Nodenames on Azure Cosmos DB for PostgreSQL are internal IP addresses in a virtual network, and the actual addresses you see may differ.

Rows, shards, and placements

To use the CPU and storage resources of worker nodes, we have to distribute table data throughout the cluster. Distributing a table assigns each row to a logical group called a shard. Let's create a table and distribute it:

-- create a table on the coordinator
create table users ( email text primary key, bday date not null );

-- distribute it into shards on workers
select create_distributed_table('users', 'email');

Azure Cosmos DB for PostgreSQL assigns each row to a shard based on the value of the distribution column, which, in our case, we specified to be email. Every row will be in exactly one shard, and every shard can contain multiple rows.

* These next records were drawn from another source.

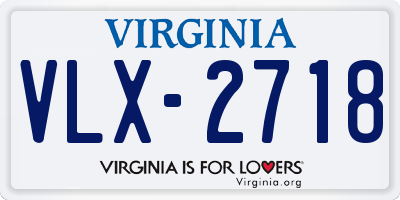 VA license plate VLX2718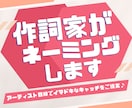 作詞家が魅力を引き出す唯一無二のネーミングします 商品名・ブランド名・芸名等アーティスティックな視点でご提案！ イメージ1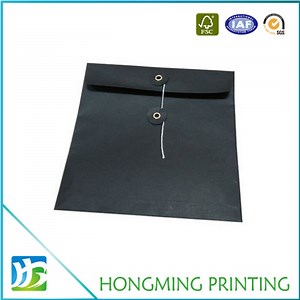 [Hot Item] Customize Simple Design Brown Kraft Paper Archive Envelopes with String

users table with rows pointing to shards

By default create_distributed_table() makes 32 shards, as we can see by counting in the metadata table pg_dist_shard:

select logicalrelid, count(shardid)
  from pg_dist_shard
 group by logicalrelid;
 logicalrelid | count
--------------+-------
 users        |    32

Azure Cosmos DB for PostgreSQL uses the pg_dist_shard table to assign rows to shards, based on a hash of the value in the distribution column. The hashing details are unimportant for this tutorial. What matters is that we can query to see which values map to which shard IDs:

-- Where would a row containing hi@test.com be stored?
-- (The value doesn't have to actually be present in users, the mapping
-- is a mathematical operation consulting pg_dist_shard.)
select get_shard_id_for_distribution_column('users', 'hi@test.com');
 get_shard_id_for_distribution_column
--------------------------------------
                               102008

The mapping of rows to shards is purely logical. Shards must be assigned to specific worker nodes for storage, in what Azure Cosmos DB for PostgreSQL calls shard placement.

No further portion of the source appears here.